What does this mean for those of us that are working during the heatwave? Are employers obligated to keep the temperature in the workplace below a certain level? And what are their obligations to employees who are particularly vulnerable to extreme heat?
There is no law that sets a maximum temperature in a workplace. The Workplace (Health, Safety and Welfare) Regulations 1992 simply say that the temperature should be ‘reasonable’.
What is ‘reasonable’ will vary according to the type of workplace, although there have been attempts to put pressure on the government to set a maximum working temperature.
On 11 July 2022, the TUC called for the introduction of an upper limit of 27°C, at which point an employer would be required to take action, with an absolute maximum of 30°C, (or 27 degrees C for those doing strenuous jobs) above which workers would not have to continue working and an employer would be liable for prosecution.

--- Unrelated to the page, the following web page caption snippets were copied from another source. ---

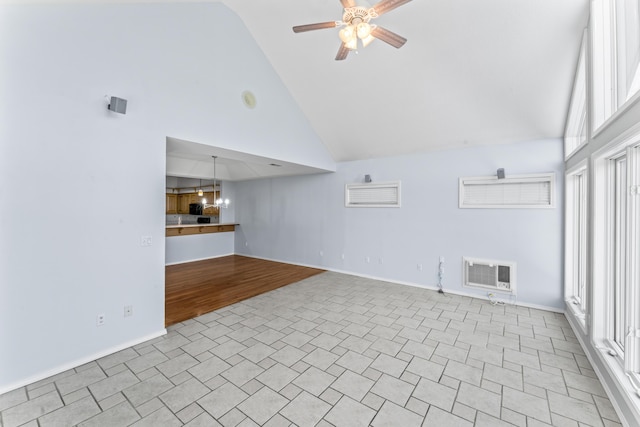 unfurnished living room featuring a ceiling fan, visible vents, high vaulted ceiling, and baseboards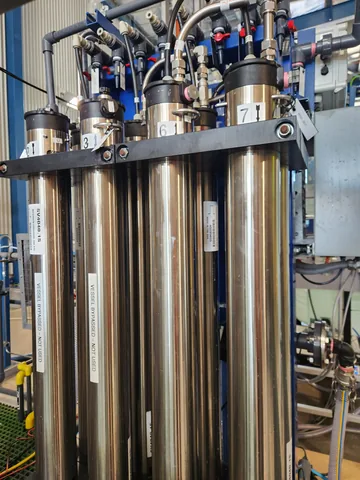 A close view of the tall stainless-steel treatment columns and connecting pipework.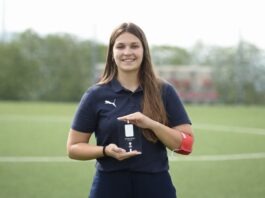 Who is Catarina Martins? Catarina Martins holding a recognition award on a football pitch, reflecting her role in women’s football operations and development.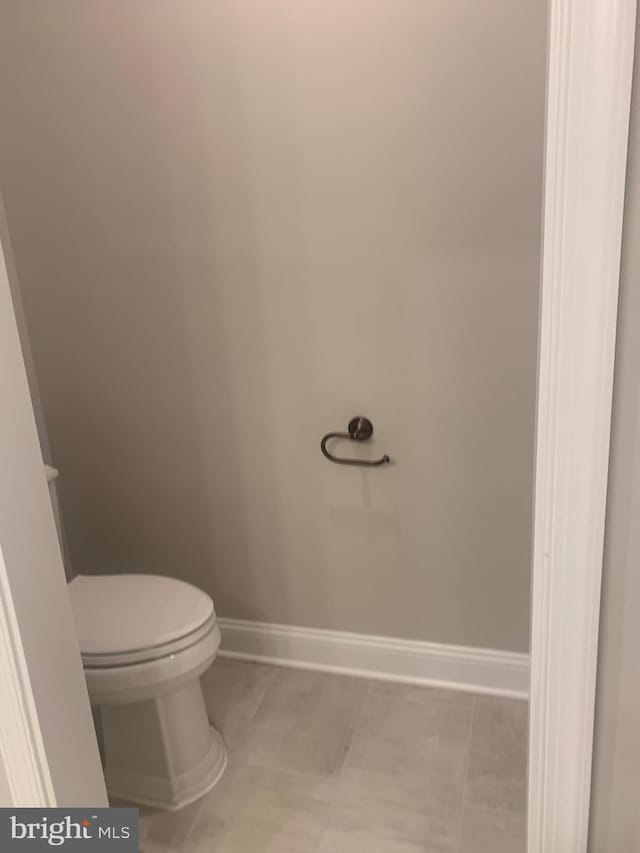 bathroom featuring tile patterned floors and toilet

However, that pressure has not resulted in any regulatory change, so employees who feel that their workplace is too warm should bring it to the attention of their employers, who should then consider what steps can and should be taken to address the issue.
What about those who work outdoors?
There is no maximum temperature for those doing outside work, but the Health and Safety at Work Act 1974 states employers should do everything ‘reasonably practicable’ to ensure a safe and healthy workplace, and this may include providing water or sunscreen as appropriate.

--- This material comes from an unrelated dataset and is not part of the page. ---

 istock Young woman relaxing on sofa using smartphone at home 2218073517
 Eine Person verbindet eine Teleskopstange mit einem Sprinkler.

Do I have to continue to wear my usual work attire during a heatwave?
There is no general rule to say whether you must continue to wear a suit, or office wear, if temperatures spike. This comes down to reasonable behaviour on the part of both the employer and the employee.
Most workplaces will have a dress code and guidelines on what they consider to be acceptable standards of dress in the workplace, but employers should consider what is reasonable, and excessive heat is a health and safety issue so should be considered when making any decisions.

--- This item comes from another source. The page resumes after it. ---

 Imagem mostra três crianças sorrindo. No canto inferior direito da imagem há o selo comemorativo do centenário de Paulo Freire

So what should employers do?
The Health and Safety Executive (HSE) suggests that an employer should monitor the ‘thermal comfort’ levels of employees, which describes their state of mind as to whether they feel too hot or cold. If there is an issue in relation to the thermal comfort of staff, an employer should consider carrying out a risk assessment of the workplace. The HSE gives a ‘thermal comfort checklist’ to refer to.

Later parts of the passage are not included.